Originally printed January 31, 1985.

	In Ancient Greece, wanderers and vagrants were protected by Zeus. Mess with a hobo and you’d be dancing with lightning bolts.
	In Elizabethan England, people were not allowed to travel without the name of an affluent nobleman tattooed on their foreheads.
	In 1970 in Tucson, half a dozen university police decided to remove 300 street people who had made the lawn of the old library building (now the Arizona State Museum) their home. Three days of rocks, fires, clubs, and tear gas followed.
	Today, free spirits are difficult to find.
	I knew a short, dark-skinned smiling man called Jose or Joseph, according to your preference. The university area and Fourth Avenue were his haunts. He would gladly trade the story of his life for a quarter, which got him a cup of soup somewhere.
	The story of Jose’s life changed with every quarter you handed him, which made him, I guess, a writer.
	For my money, Jose was from a noble family in India. He never said he was a prince, but in India a bowl of rice a day makes you a prince. Jose had a wealthy Hindu grandfather, which seems, in itself, like a contradiction in terms.
	Jose himself was not a good Hindu. He enjoyed sex and red meat and would sneak away from his village and into the hills, where he would pursue his interests.
	Jose’s grandfather caught him once, and the old man sent Jose to America, the living hell of sex and red meat, to teach him a lesson.

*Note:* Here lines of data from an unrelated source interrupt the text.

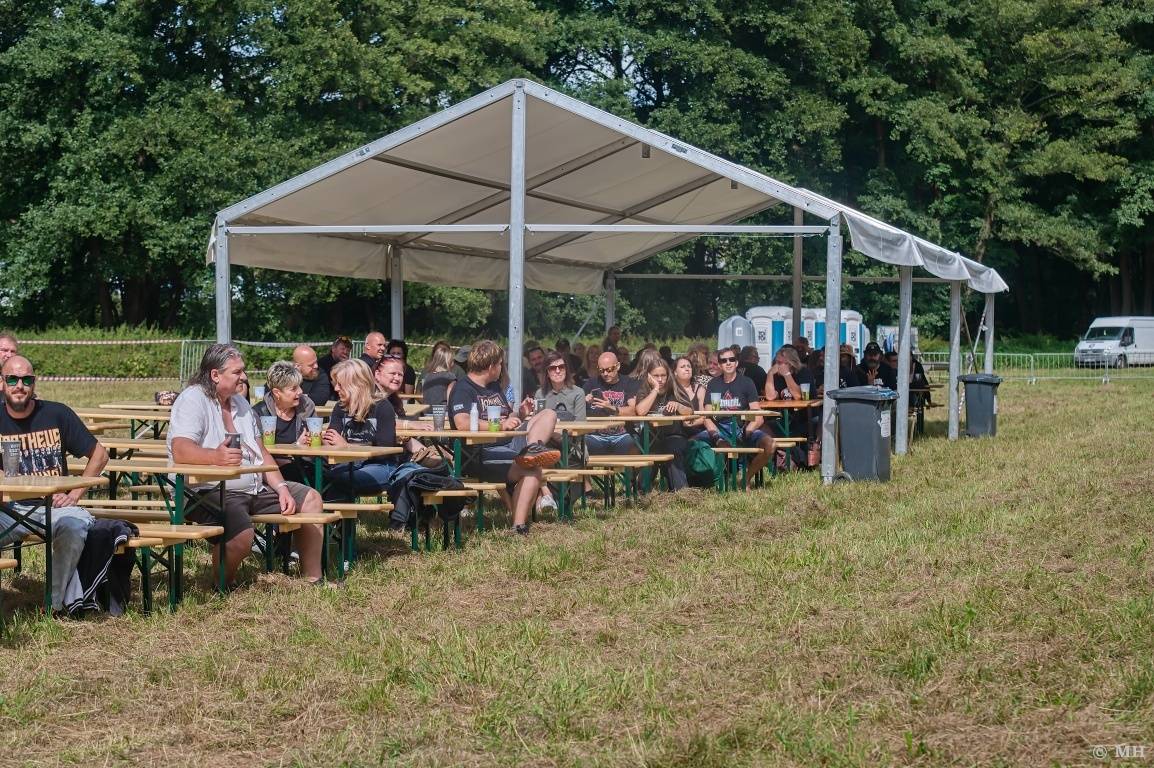 Rockové léto na Mži slavilo deset let. Festivalu blahopřáli Cocotte Minute, Komunál, De Bill Heads i Septic People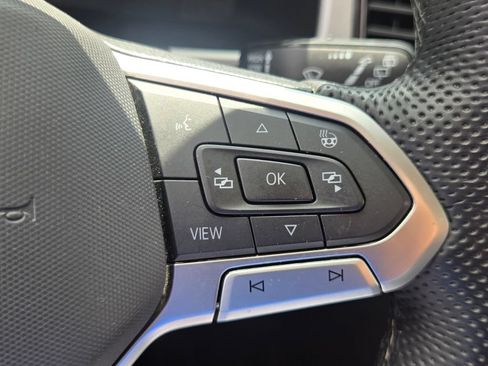 Used 2023 Volkswagen Atlas SEL R-Line AWD/4WD image 25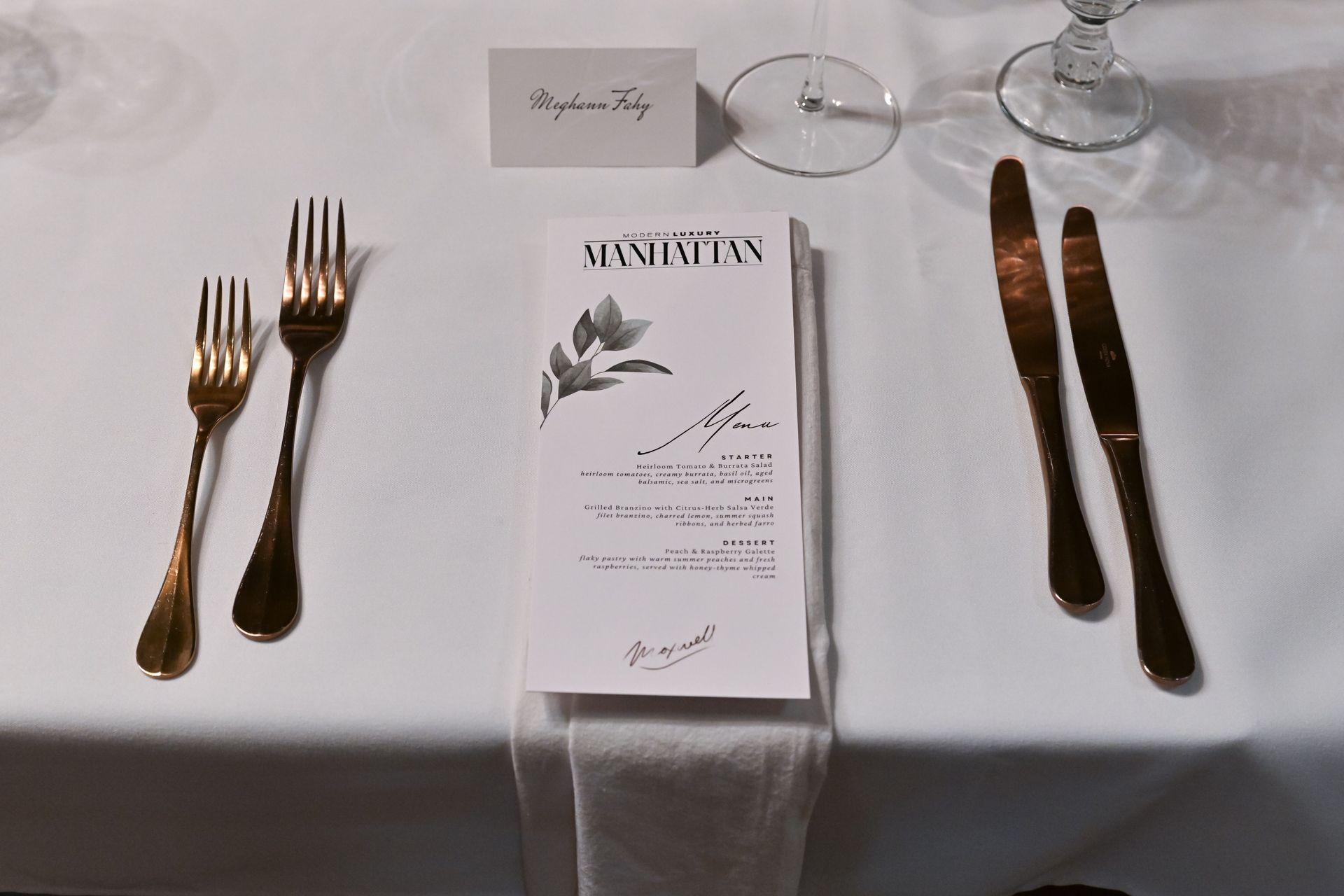 A beautifully set table at Maxwell awaited guests for Manhattan magazine’s intimate dinner honoring Meghann Fahy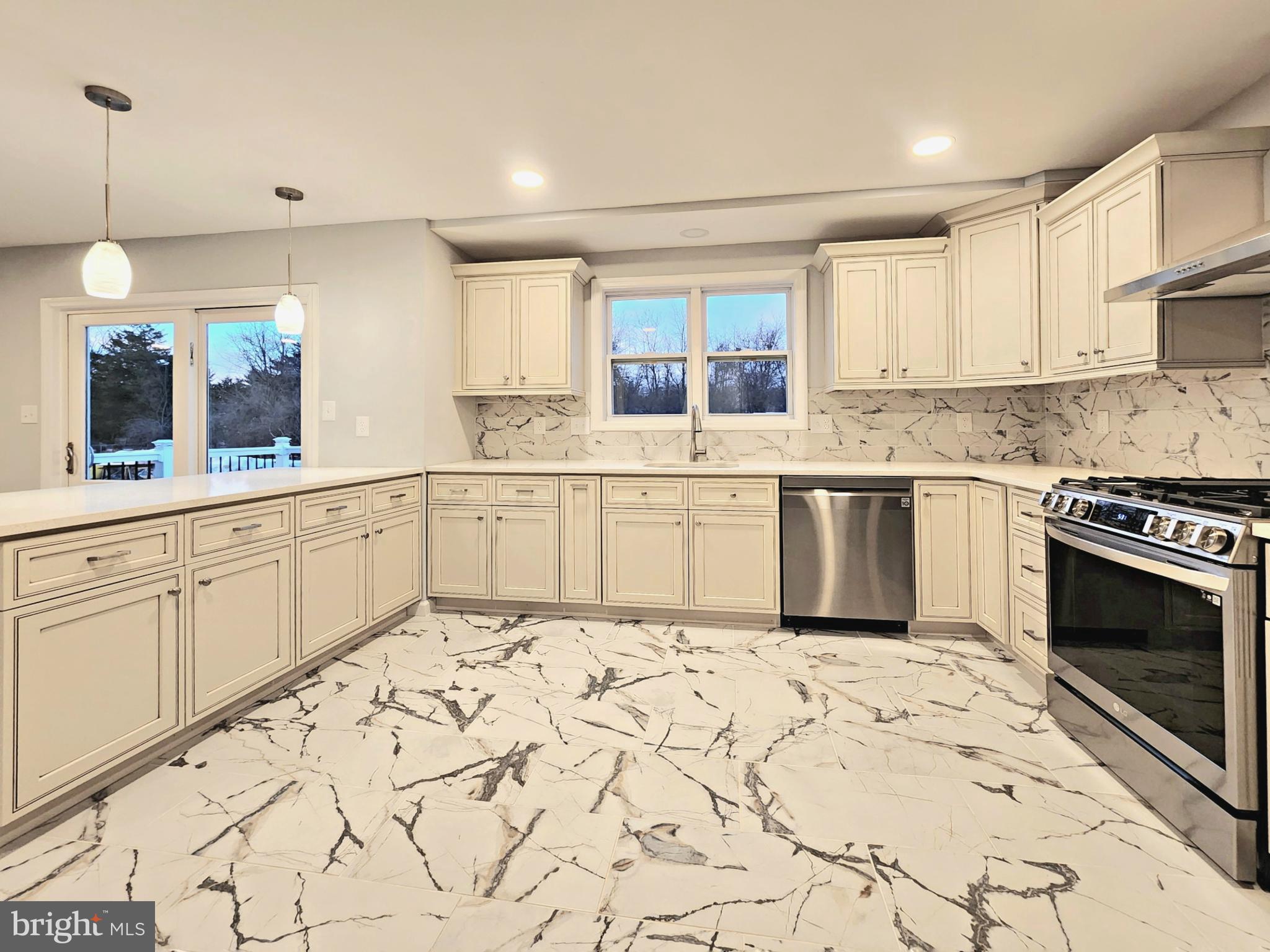 548 Jackson Road Atco, NJ 08004 - Photo 9 of 28 Kitchen / upgraded appliances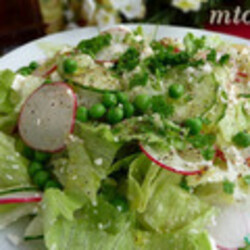 Салат из горошка, редиса и феты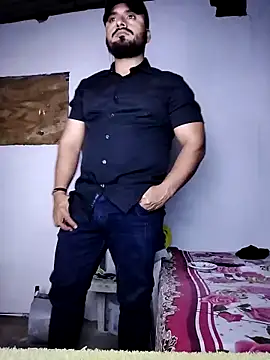 Snapshot of Ant1990 chatting on 01.25.25 Ant1990 online show from 01.25.25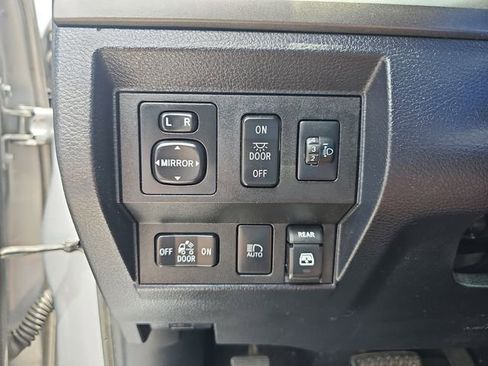 Used 2018 Toyota Tundra 1794 Edition AWD/4WD image 24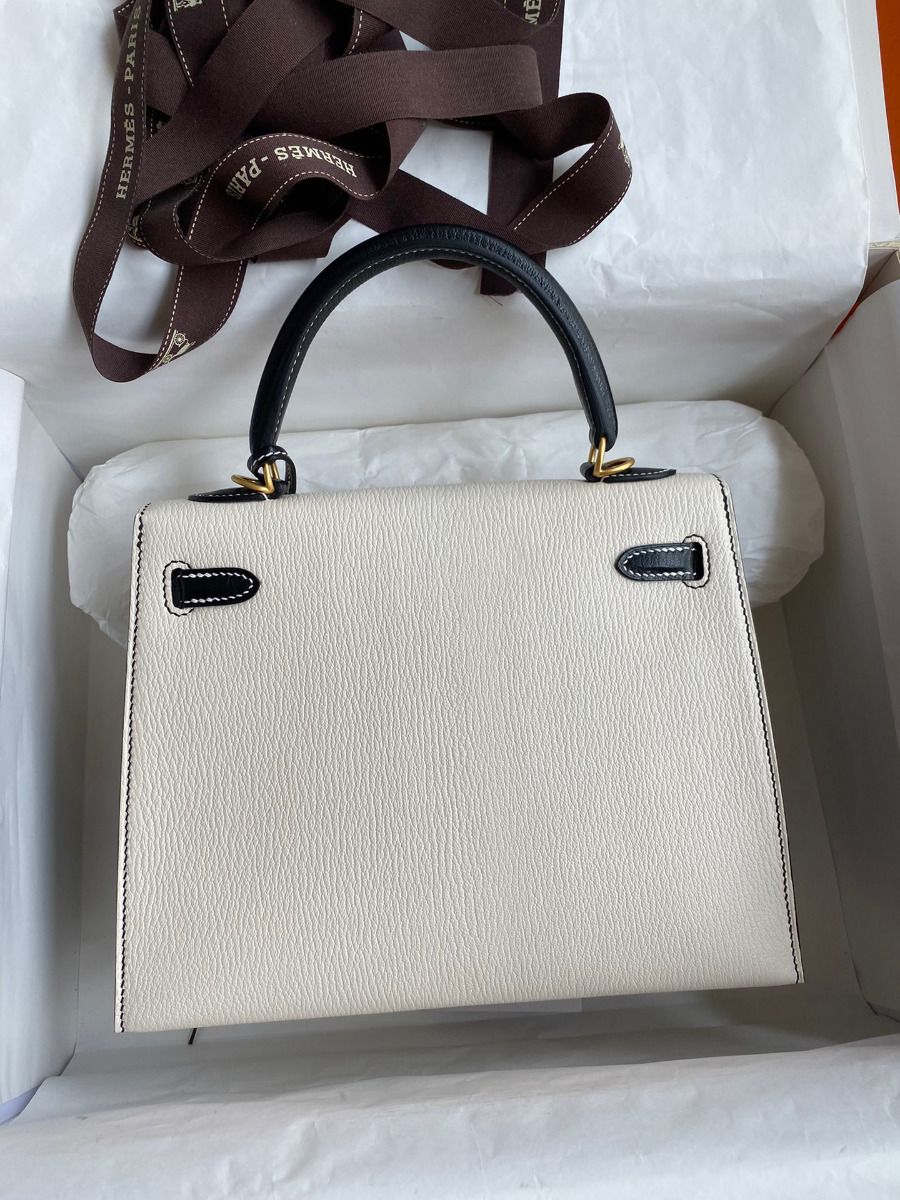 Hermes Kelly Sellier 25 Bicolor Bag in White and Black Mysore Goatskin - Image 3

	“When you have become a better man,” he told Jose, “you may come home.”
	Jose wandered through America penniless and drifted often through Tucson, a place he came to love. With the quarters he gathered Jose bought some beads and leather string, and he made necklaces from these things.
	Eventually Jose got his own space, a corner in the back room of an Indian jewelry store near the university. There he made jewelry, which the shop owner sold.
	Jose found that he had a home. He stopped eating red meat. He stopped pursuing women.
	But Jose and the jewelry store could not compete with the American passion for plastic and plastic fads, and one day when it seemed the business could stand no longer, the jewelry store burned down.
	The owner disappeared. Jose returned to the streets.
	Jose told me this story in the Jack-in-the-Box at Park and Speedway. He was eating a Jumbo Jack.
	The last time I saw Jose was two years ago on Fourth Avenue. I was on the west side of the street walking south, and he was on the east side of the street walking north.
	“Hello, Jose!” I shouted. He looked across at me and flashed his yellow teeth, but he did not seem to recognize me. I suppose Jose told the story of his life to many people and could not be expected to remember them all.
	Now I miss Jose and his story. I have many quarters I would gladly give him to hear it again. I wonder if he is in India, or if he is in an unmarked grave in the living hell of sex and red meat.